# Section 1: Introduction to Fake News Classification


In [None]:
# Run this to load data 
import os
from bs4 import BeautifulSoup as bs
import pickle
  
import requests
import zipfile
import io

# Download class resources...
r = requests.get("https://www.dropbox.com/s/2pj07qip0ei09xt/inspirit_fake_news_resources.zip?dl=1")
z = zipfile.ZipFile(io.BytesIO(r.content))
z.extractall()

basepath = '.'

## Anatomy of a (Fake) News Website

Have you ever wondered how websites like *google.com* and *nytimes.com* work under the hood? Using the internet every day, it is easy to forget how magical even the most mundane web browsing experiences are. Consider, for example, this article on the New York Times:

![NYTimes Article](https://www.niemanlab.org/images/ochs-nytimes-article-page.png)


How does the browser know to show the title of the article near the top of the page? How does it know that the word "Art & Design" should be left-centered and gray-colored? How does it know where to find the image to display?

All of these questions can be answered by probing through the HTML of a webpage. HTML is a simple markup language that augments text with the structure you'd expect from a webpage. It's the language that provides the structure for every webpage you see. Here's an example of an HTML document for a simple webpage.

![HTML Example](http://www.goodellgroup.com/tutorial/wpimages/wpccea2291_05_06.jpg)

### HTML in a Nutshell

HTML is the standard markup language for creating Web pages.
* HTML stands for Hyper Text Markup Language
* HTML describes the structure of Web pages using markup
* HTML elements are the building blocks of HTML pages
* HTML elements are represented by tags
* HTML tags label pieces of content such as "heading", "paragraph", "table", and so on
* Browsers do not display the HTML tags, but use them to render the content of the page




## Problem Statement

**Given the URL of a news website and its HTML, can we classify the news website as either fake or real?** 

## Task 1 | Exploring the Data 

### Dataset 

Load the train and val in the below cell:


In [None]:
with open(os.path.join(basepath, 'train_val_data.pkl'), 'rb') as f:
    train_data, val_data = pickle.load(f)

print('Number of train examples:', len(train_data))
print('Number of val examples:', len(val_data))

print('Fraction of train examples that are fake:', len([datapoint for datapoint in train_data if datapoint[2] == 0]) / float(len(train_data)))
print('Fraction of val examples that are fake:', len([datapoint for datapoint in val_data if datapoint[2] == 0]) / float(len(val_data)))

We can see that the number of examples for each portion of the data approximately matches the split above, and each portion has roughly 50% fake news websites.
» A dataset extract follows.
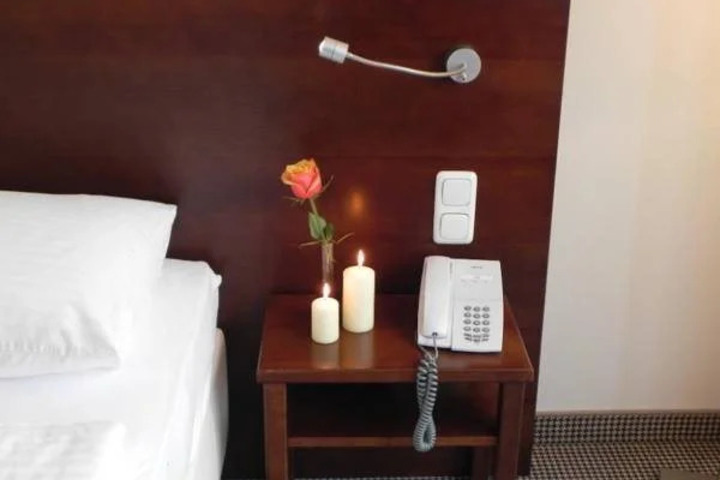 ALPENHOTEL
Now to explore what each data point looks like. 

### Changing The Example Index

Spend ~15 minutes browsing through the data by changing example_idx below. You are able to see the URL, label (0 is real, 1 is fake), and part of the HTML for an example.
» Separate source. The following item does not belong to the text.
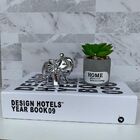 Livro Decorativo, Elefante Cerâmico E Mini Vaso De Cimento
Observe that each data point has three values: the URL, the HTML, and the binary (0 or 1) label. A label of "1" indicates that the website is a fake news website, and a label of "0" indicates that the website does not have fake news. See if you can spot some differences between examples with label 0 and examples with label 1, especially in their URLs! The HTML may be a bit difficult to read, since it is much longer, so don't worry about this.

In [None]:
### YOUR CODE HERE ###
example_idx = int(input("example_idx: "))
### END CODE HERE ###

print('Number of values per data point: %d\n' % len(train_data[0]))

print('URL for chosen example:', train_data[example_idx][0])
print('Label for chosen example:', train_data[example_idx][2])
print('HTML for chosen example (first 5000 chars):\n\n', bs(train_data[example_idx][1]).prettify()[:5000])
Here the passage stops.